Dave Hansen Feb. 22, 2024, 6:39 p.m. UTC
  From: Dave Hansen <dave.hansen@linux.intel.com>

Modern processors enumerate the sizes of the physical and virtual address
spaces that they can handle.  The kernel stashes this information for each
CPU in 'cpuinfo_x86'.

Like a lot of system-wide configuration, in practice the kernel only uses
this information from the boot CPU.  That makes a lot of sense because
the kernel can't practically support two CPUs with such different
fundamental support as the size of the address spaces.

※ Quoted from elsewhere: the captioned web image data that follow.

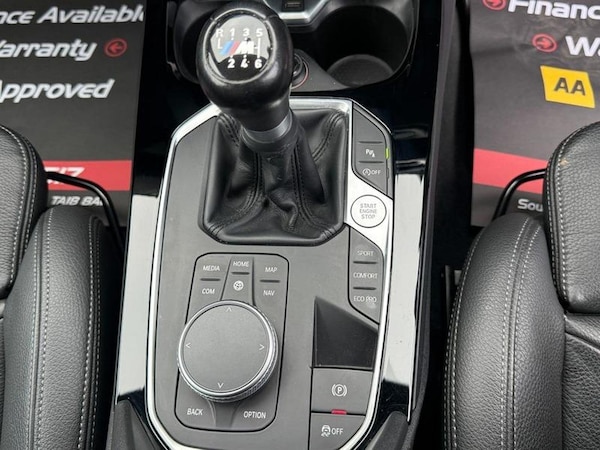 Used BMW 1 Series 2020 for sale - 75048965: Photo 47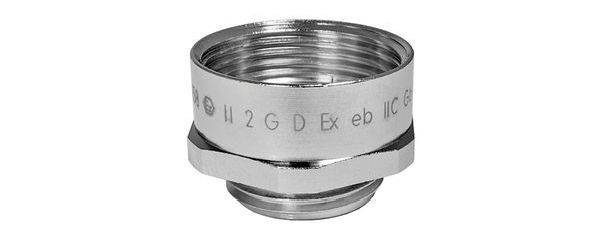 Jacob E102-12025-03-EX E102-12025-03-EX Erweiterung 1 St.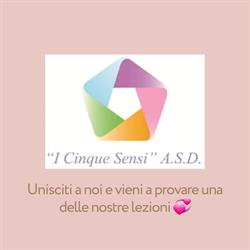 Associazione sportiva dilettantistica I Cinque Sensi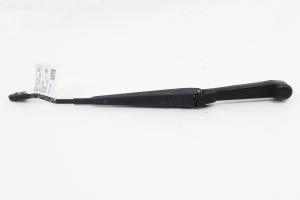 Haste Limpador Para-brisa Le Blazer 95/00 Usado (146)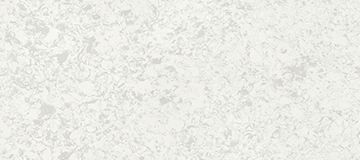 JS 29031  Great Ambitions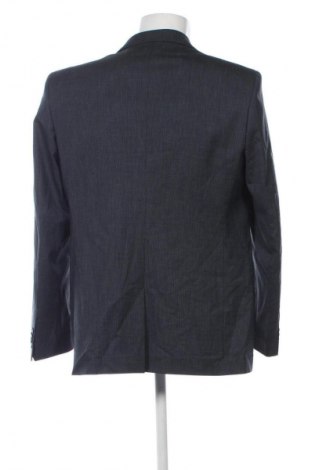 Męska marynarka Unbranded, Rozmiar L, Kolor Kolorowy, Cena 21,99 zł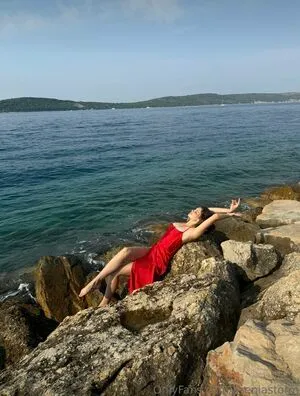 Kseniastorm OnlyFans Leaked Free Thumbnail Picture - #wV7zKOfHrs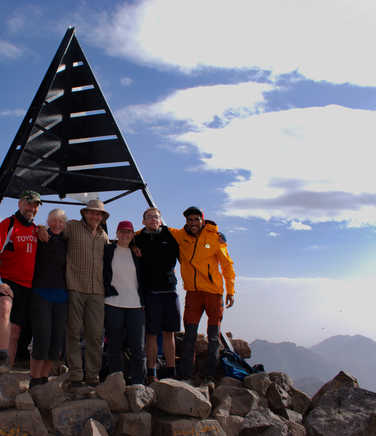 Toubkal-summit-group-photo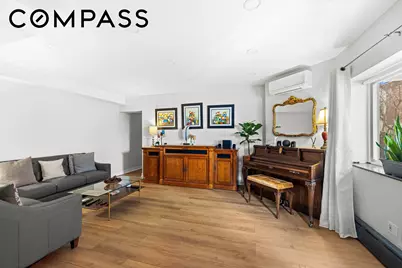 61-20 71st Avenue #J1B, New York City, NY 11385 - Photo 4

Having a per-cpu copy of this data is silly.  It is, at best, a waste
of space to keep it around for the non-boot CPUs.  At worst, it is yet
another bit of data that must be initialized in a particular order and
can be a source of bugs.

Introduce a helper to look up the number of supported physical address bits:

	x86_phys_bits()

Replace most open-coded references to boot_cpu_data.x86_phys_bits.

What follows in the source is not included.